We were living at 32c Navy Homes, the World War II housing project built for enlisted men and their families, now rented as apartments to poor people, sprawled along the railroad tracks out at the edge of Pasco, Washington. Our dad was still with us. It was the late 1940’s. I was four or five and my brother Darrell two and a half years younger, so neither of us had started school.

It was Christmas time. Darrell and I had begun asking for scooters, toy gun sets, I don't know what all. There wasn't money for any of that, so each time we'd pestered Mom she'd tried to trim our expectations. Santa Claus must have been in the discussion somewhere, but that's not what I remember.

I remember one night when Mom was putting us to bed. Again, she was parrying our questions about Christmas. But Christmas was only a couple of days away, and this time I wouldn't let it go. I wailed "Look at our toybox!" Each time she tried to soothe me, I wailed "Look at our toybox!" again, shattering her apologies and her attempts to comfort me in my boy's unhearing rage. She gave up with a sigh heavy with resignation and the deep sadness of poor mothers everywhere.

She turned around to the closet and pulled out our toybox. It was a small cardboard grocery box with two or three old, broken toys in it.

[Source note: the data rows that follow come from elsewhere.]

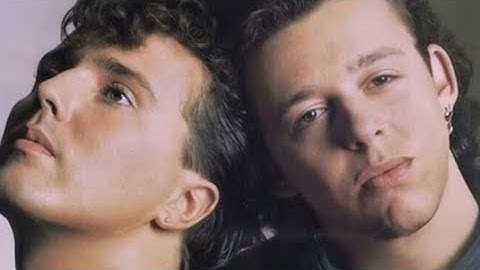 Tears for Fears - The Kenny Everett Show 1985 - Rule the World 🌎 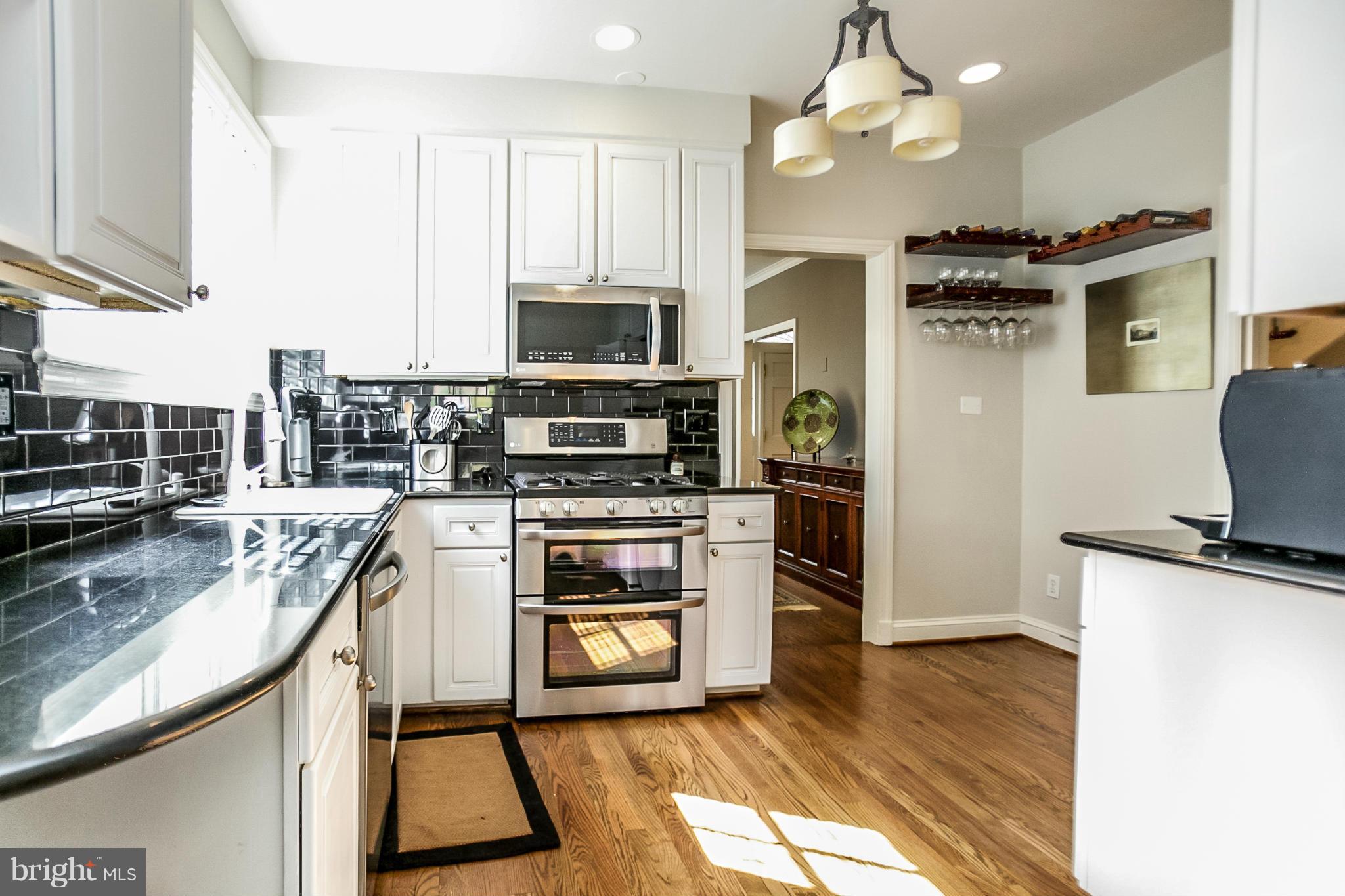 322 Tunbridge Road Baltimore, MD 21212 - Photo 13 of 30 Kitchen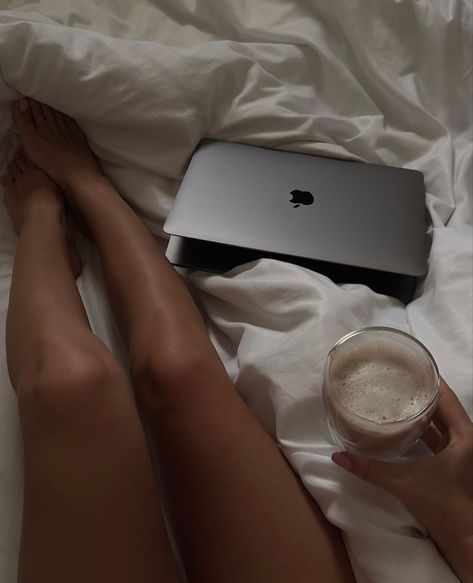 Apple Laptop Aesthetic, Macbook Setup, Macbook Aesthetic, Ber Months, Macbook Air Laptop, Winter Arc, Cute Pjs, Macbook Air 13 Inch, Aesthetic Lifestyle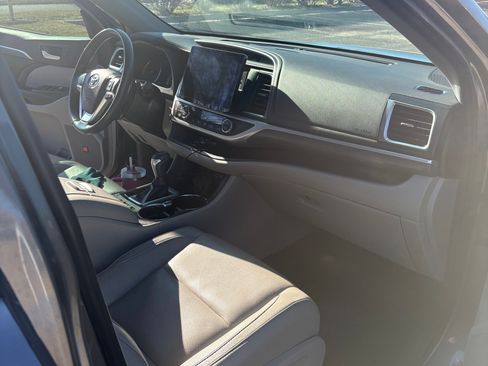 Used 2019 Toyota Highlander Limited image 11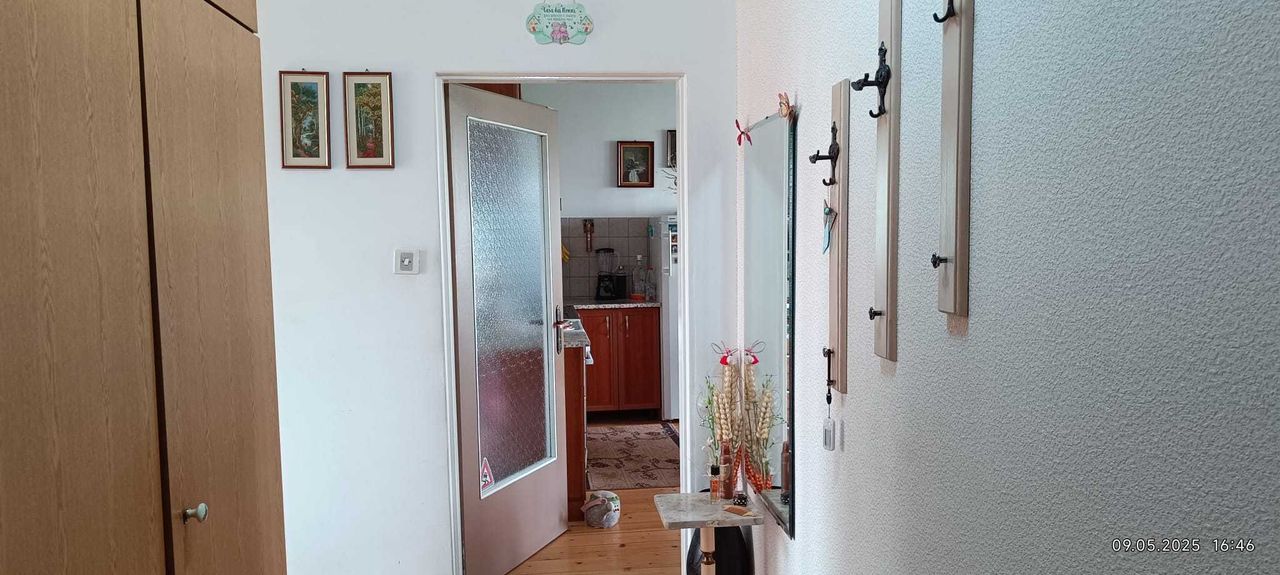 Продава се Тристаен апартамент в София, Света Троица - 70 кв.м за 3000 €/кв.м - Снимка #1
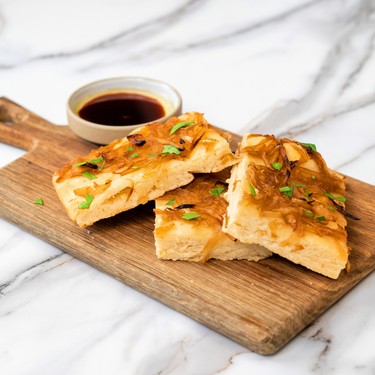 Caramelized Onion Flatbread Recipe | SideChef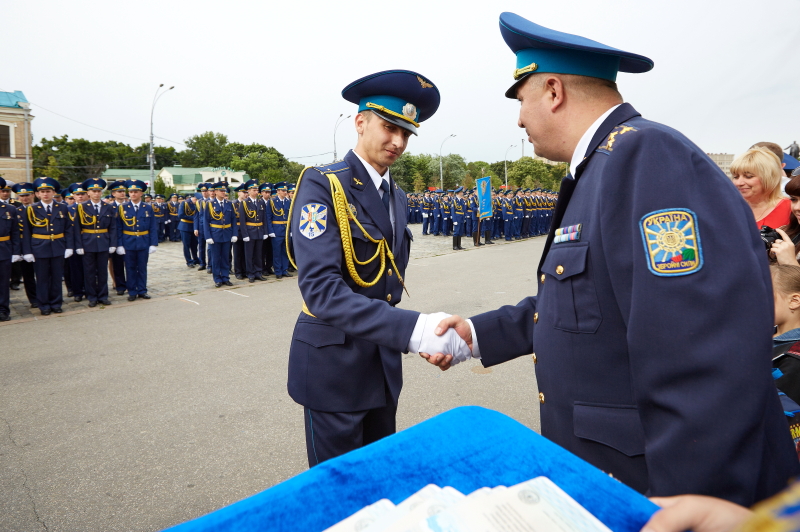 Випуск молодих офіцерів університету Повітряних Сил пройшов на площі Свободи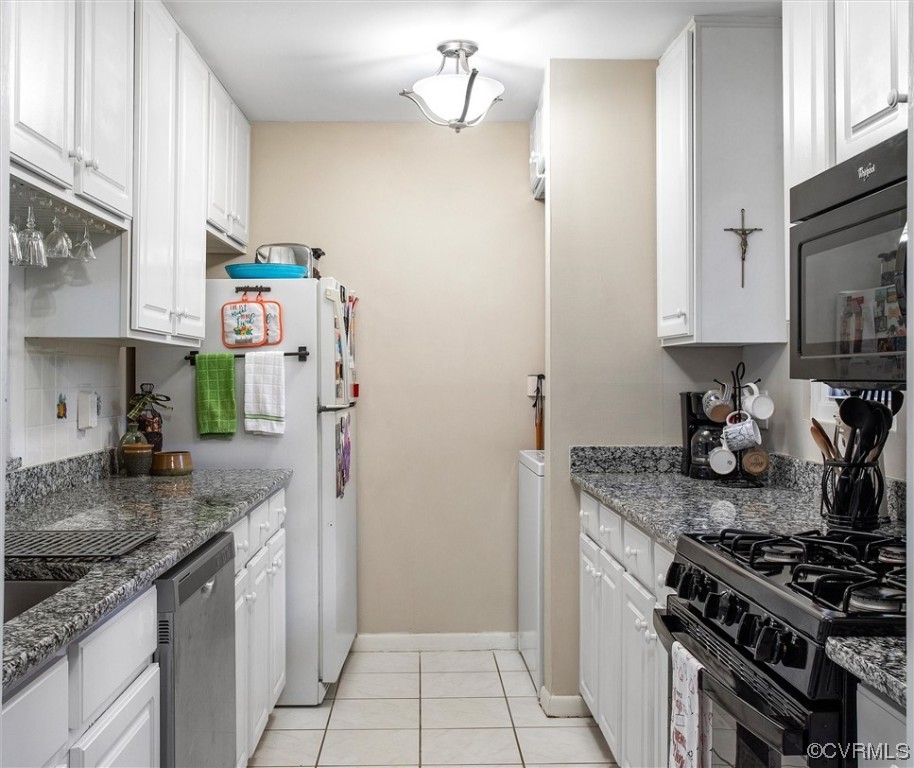 11629 East Briar Patch Drive Midlothian, VA 23113 - Photo 13 of 27 a kitchen with stainless steel appliances granite countertop a sink stove and refrigerator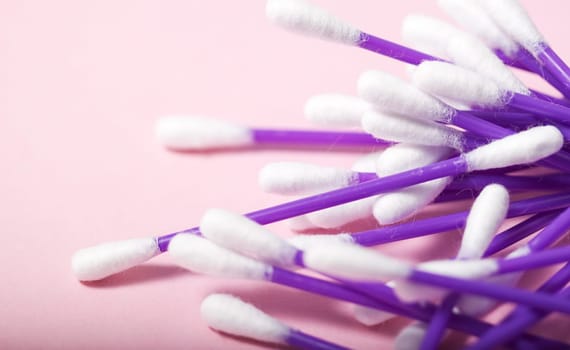 Cotton swab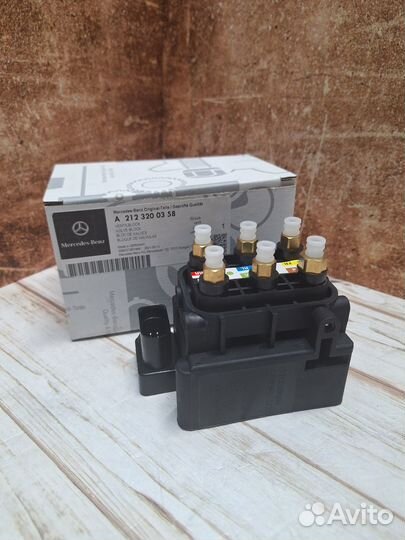 Блок клапанов пневмоподвески на Mercedes W212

"See, Mom, see?" I accused her.


"I know, son... I know," she said, trying to comfort all three of us, not being able, tucking us in and fleeing the room.

Cartoon

I was in the first or second grade, which would have been in the period 1949‑51. Art was my least favorite class; most of the other kids could make drawings and paintings that even I could see were better than mine.

The assignment was to draw a cartoon. The teacher explained what a cartoon was, and the class turned to. The topic was Communism. If I ever heard the name of Senator Joseph McCarthy, I don't remember it. What I remember is a lot of emphasis in that class, as well as in others (social studies in particular) about Communism, how Communists, also called Reds, were very bad and didn't believe in God and were trying to take over the world and yes, even America. America was good and strong because we were Christian and free, but we wouldn't stay free unless we all fought hard against the Communists.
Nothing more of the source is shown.